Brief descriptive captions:
——————
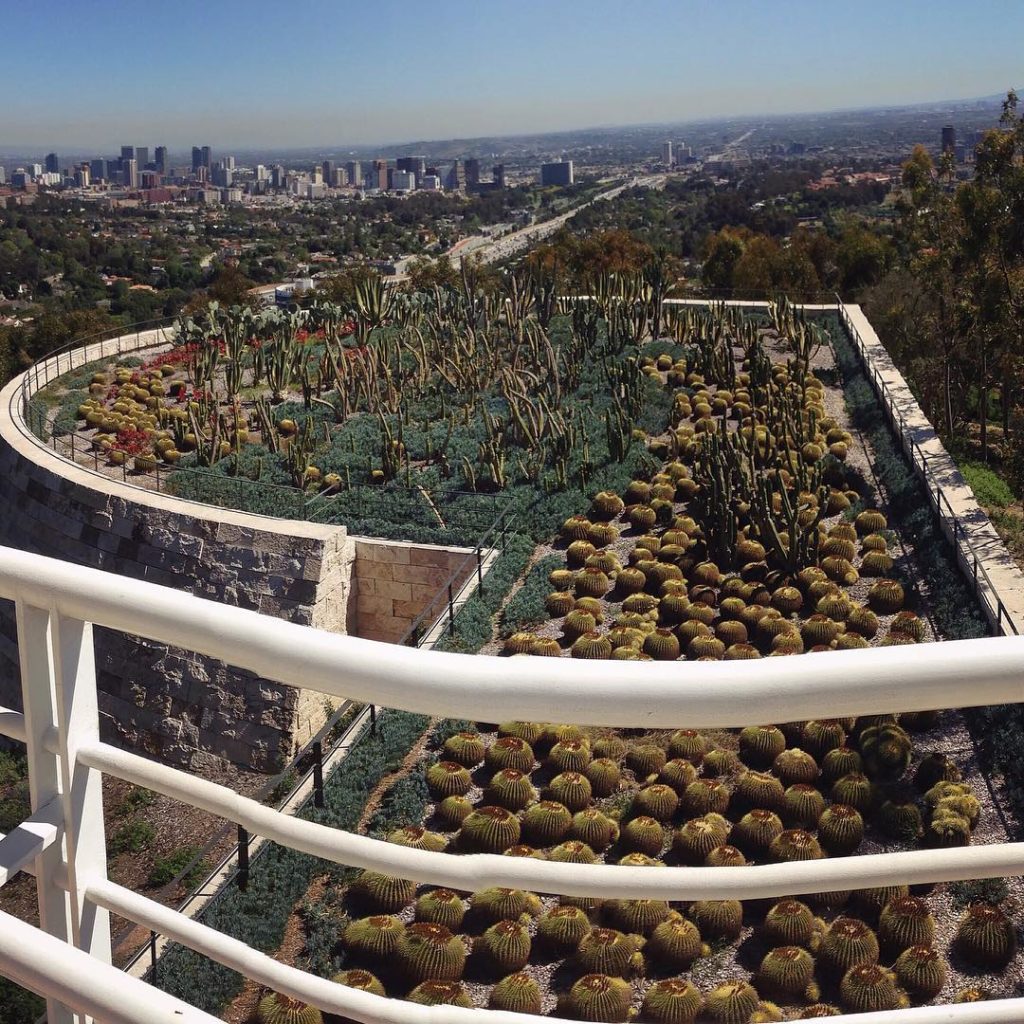 @gardendesignmag: Cactus garden at the Getty ️ Stay up-to-date with Garden Design. Click on the li…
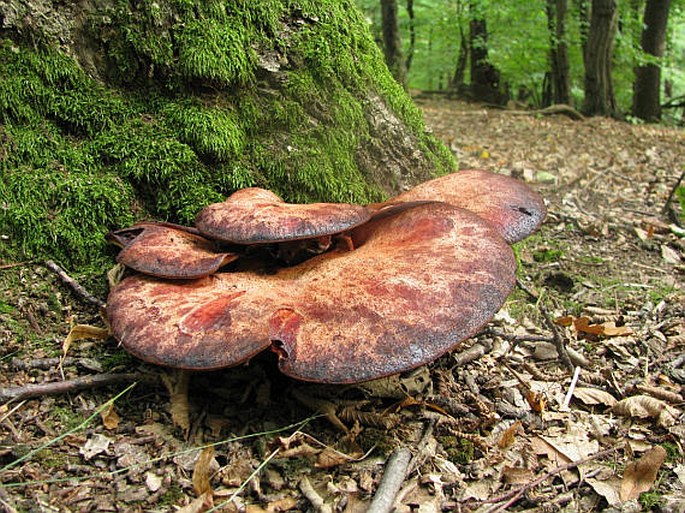 Fistulina hepatica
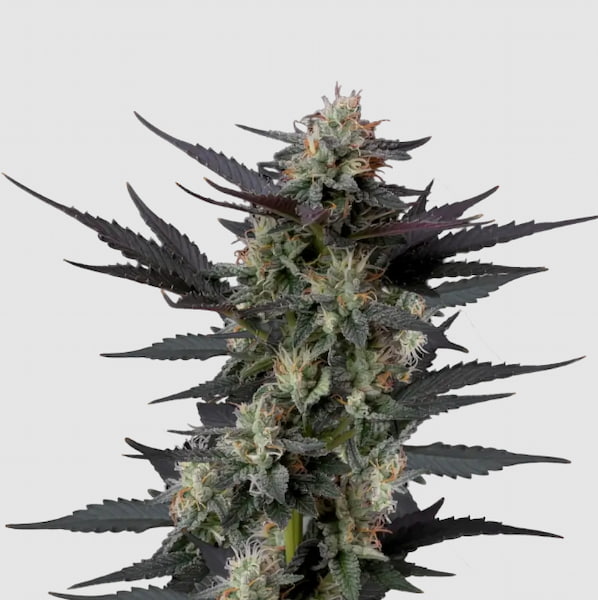 Gello Z Auto Samen > Growers Choice | Autoflowering Hanfsamen  |  Indica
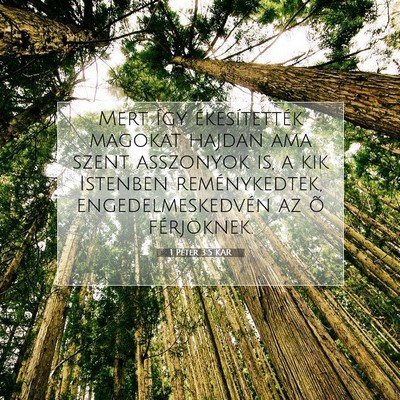 1 Péter 3:5 Bibliai vers magyarázata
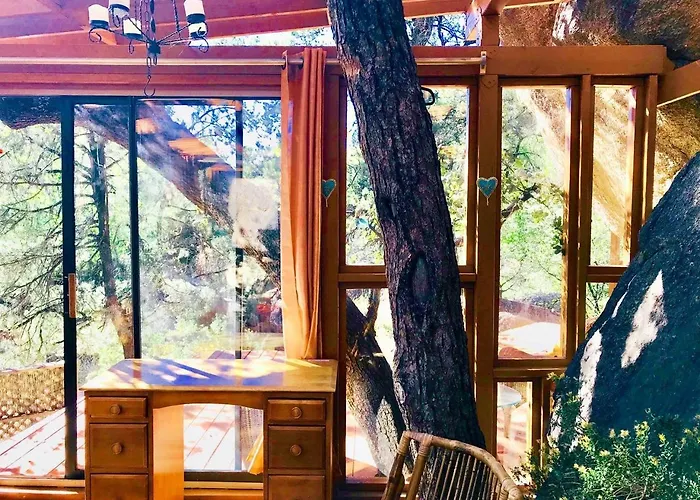 Dom wakacyjny Rejuvenating Tree House Getaway With Pool Access In Prescott, Arizona Prescott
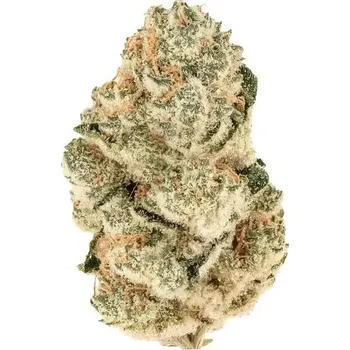 Semeno Fast Buds - Gorilla Melon 1 ks
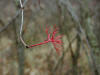 200311150138 Dogwood (Cornus L.) Branch - after berries - Isabella Co.JPG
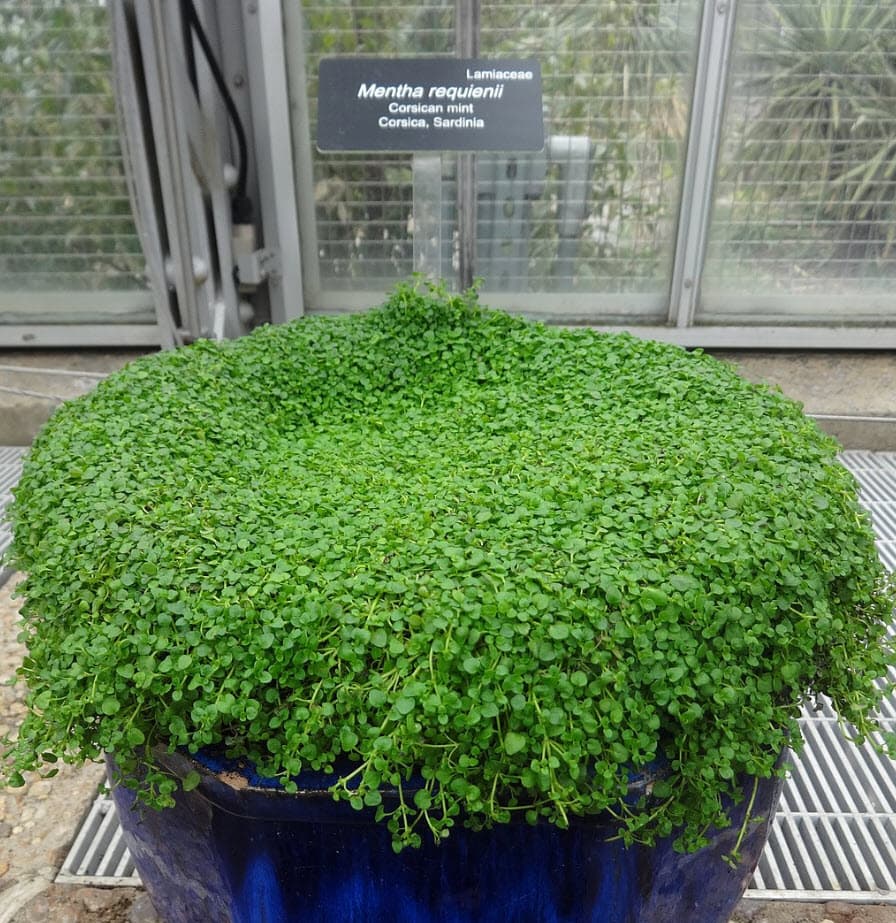 Corsican Mint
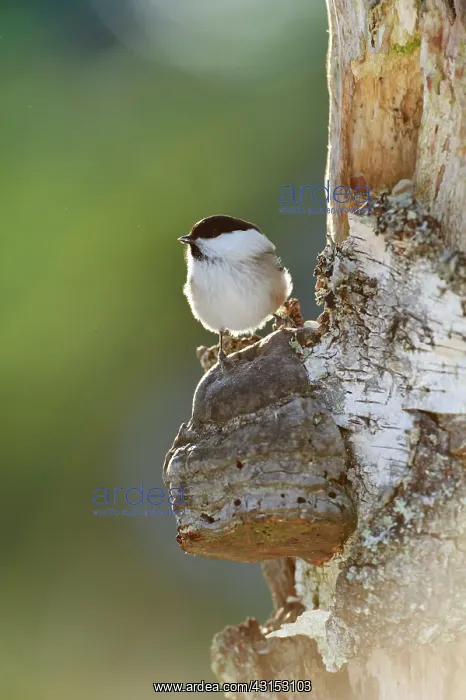 : Willow Tit : Willow Tit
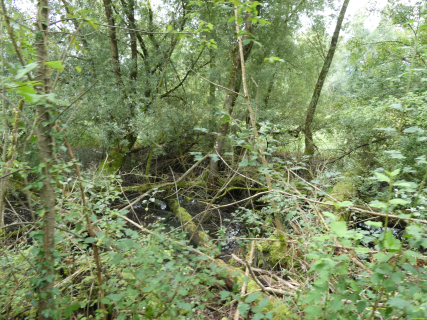 2025-09-02-SAC-RS-Alter-Rhein-38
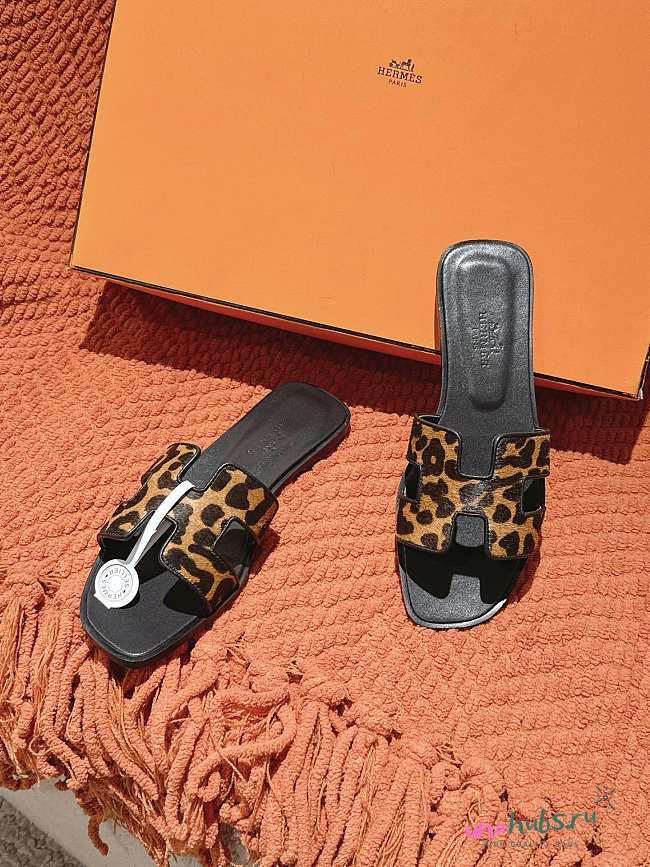 Hermes Oran Slides - 1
——————
Work instruction: With all pictures omitted, return exactly the lines from the one containing "Corsican Mint" through the end of the entries above.

Your solution:
 Corsican Mint
 : Willow Tit : Willow Tit
 2025-09-02-SAC-RS-Alter-Rhein-38
 Hermes Oran Slides - 1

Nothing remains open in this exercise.